1/ what kind of diesel do I use
2/ what kind of oil do I use -- Iam now using rotela oil
3/ How do I get the water out of the fuel tank. 
4/ What size battery should I use 600 amps 750 amps 
5/ what kind of coolant should I use 
6/ Should I change the glow plugs 
7/ should I put the battery in the trunk

thank you very much for any help and advise diesel boy


----------



## Lanc3r (Sep 5, 2004)

disel boy said:


> Hi I live in Nova Scotia, Canada (modern temp zone ha ha ) where it gets 10 20 25 Brrrrrlow zero I have a 1985 528 td BMW 6 cy
> Iam 17 years old and this is my only car I have no backup,
> 
> I need lots of help and info on how to winterize this car as it is cold standing waiting for a school bus.

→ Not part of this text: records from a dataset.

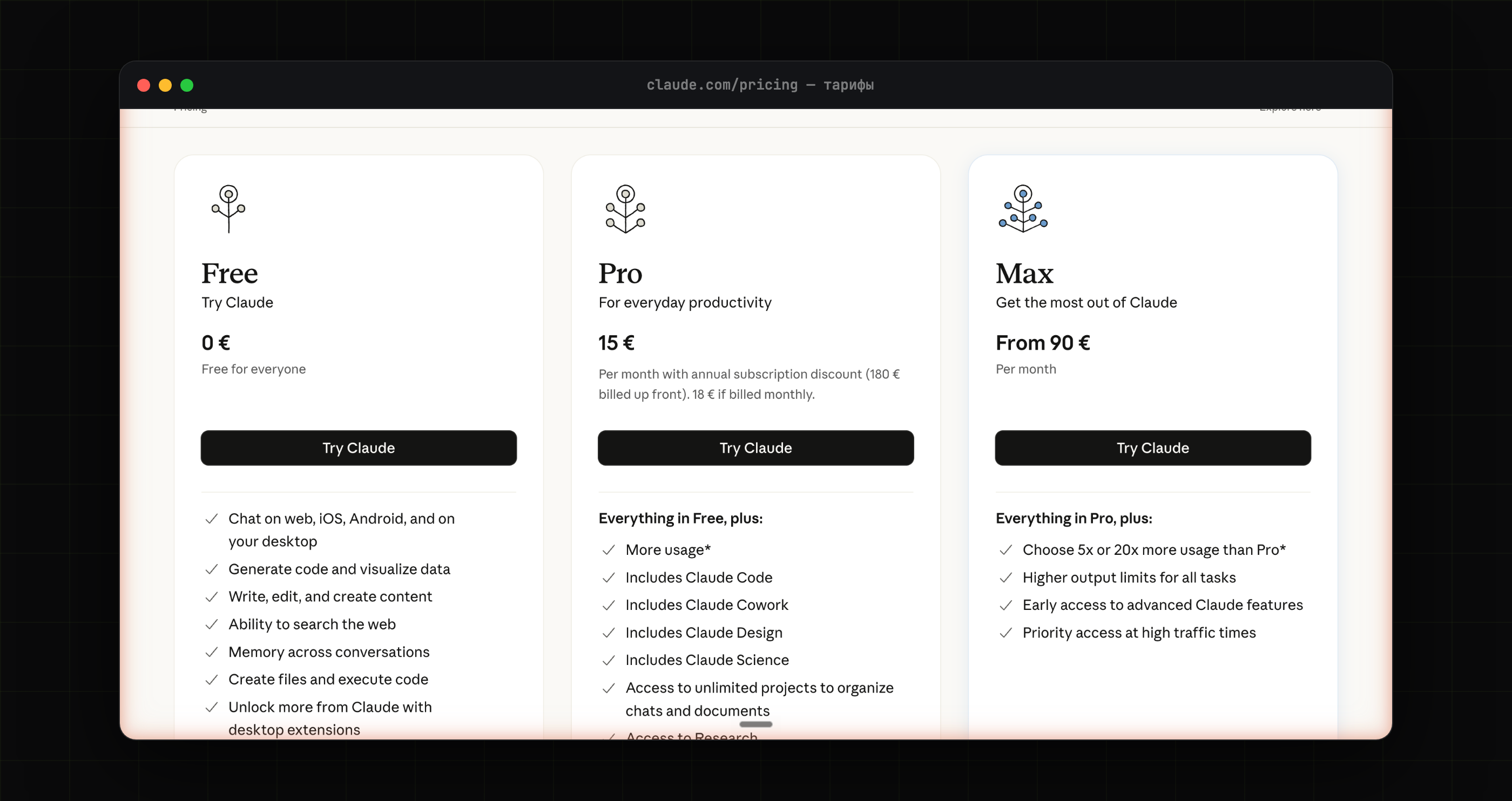 Страница тарифов Claude: Free, Pro и Max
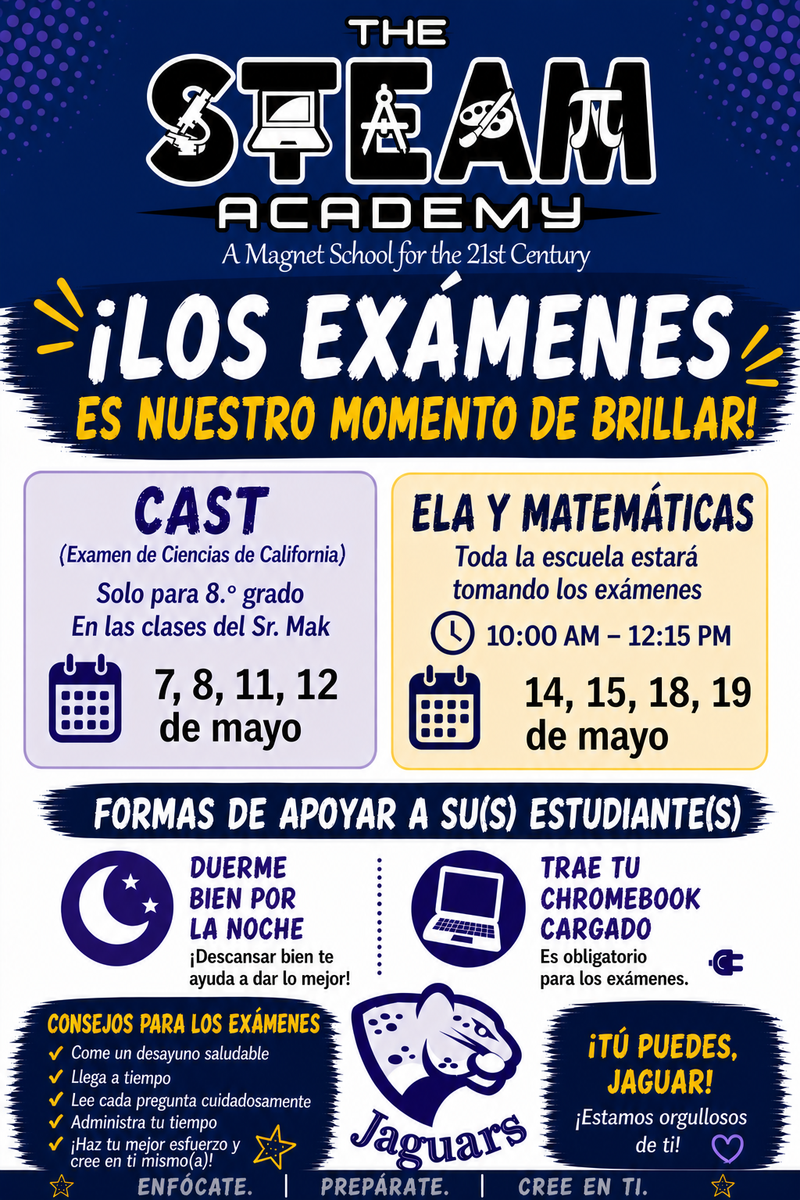 Apoye a nuestros Jaguars durante la temporada de exámenes.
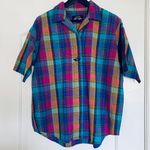 Dockers Uniquely RARE Vintage Bright Plaid Print Button Up Dress Shirt | Size: S Photo 0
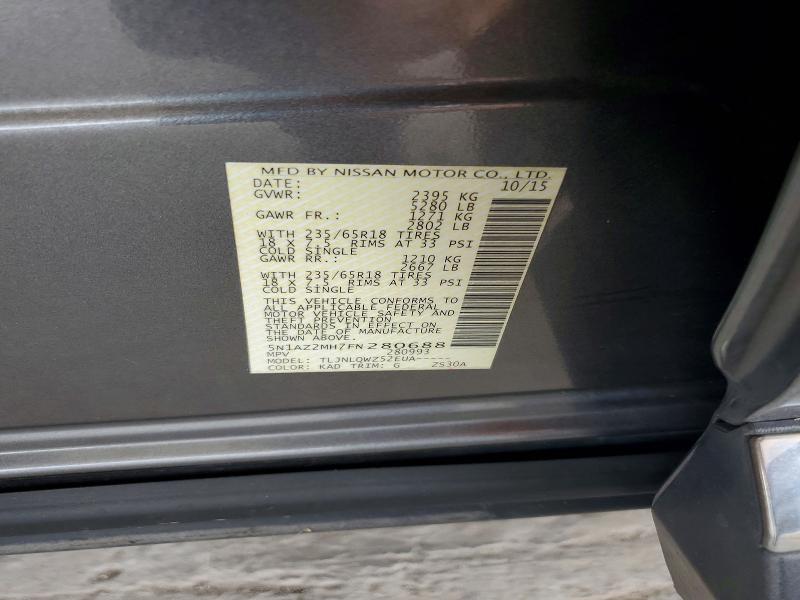 58929456 :رقم المزاد ، 5N1AZ2MH7FN280688 vin ، 2015 Nissan Murano مزاد بيع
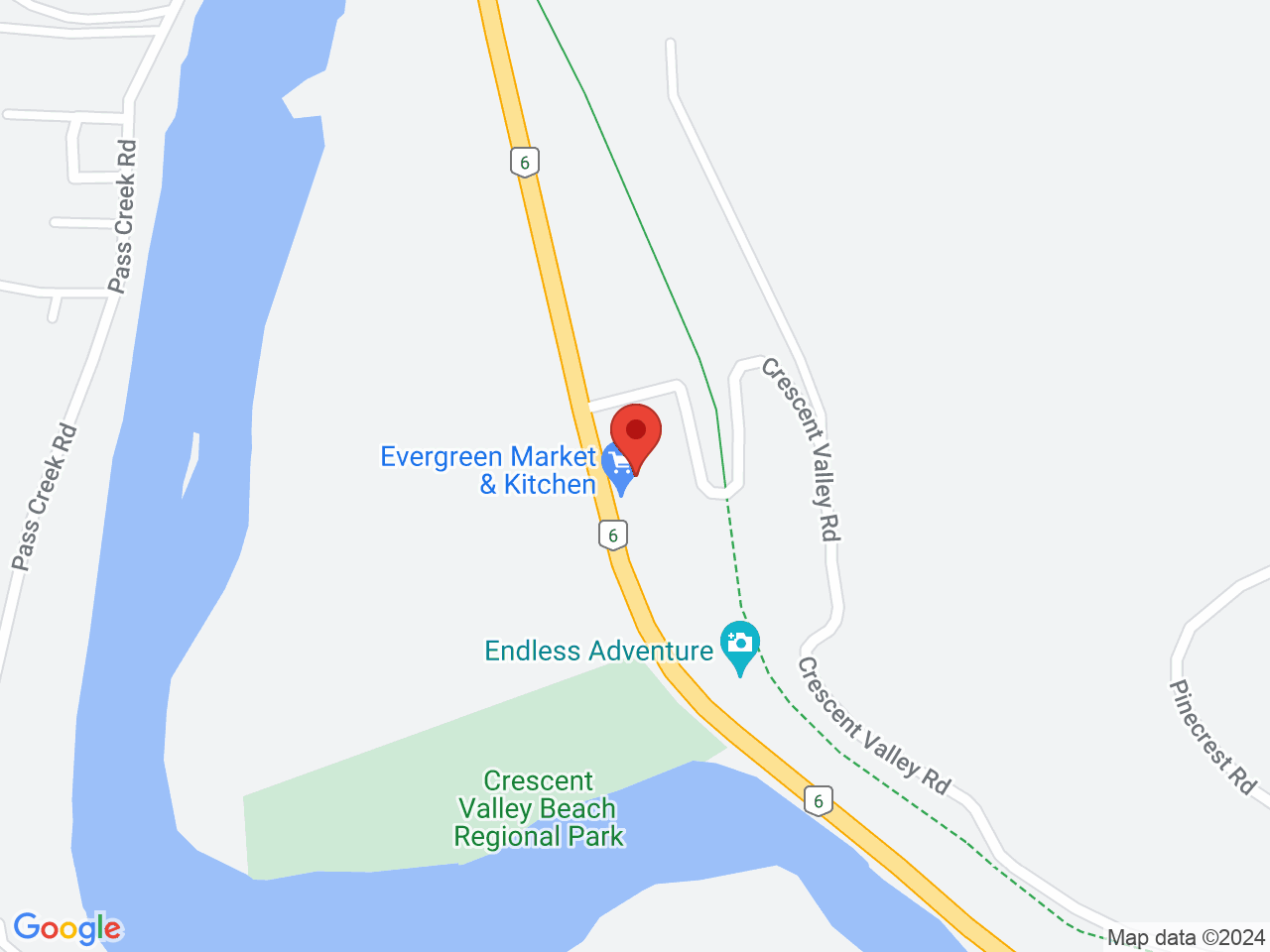 Street map for Abraxas Cannabis Co, 1290 Highway 6, Crescent Valley BC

Here is a list of my questions
> ...


1. Same as usual
2. Same as usual
3. Fuel stabalizer - available at your auto parts store
4. Same as usual
5. Whatever is available in proper concentration to protect in the temps you will face (Antifreeze bottles have mixture graphs to get mixture right for the temps.
6. :dunno: Are they bad?
7. Why?


----------



## disel boy (Sep 5, 2007)

thanks very much - keep the good info coming


----------



## Lanc3r (Sep 5, 2004)

disel boy said:


> thanks very much - keep the good info coming


Is your car auto or manual?


----------



## disel boy (Sep 5, 2007)

*auto*

automatic -- thanks


----------



## Saturn5 (Nov 27, 2017)

Nothing to see here, my bad.


----------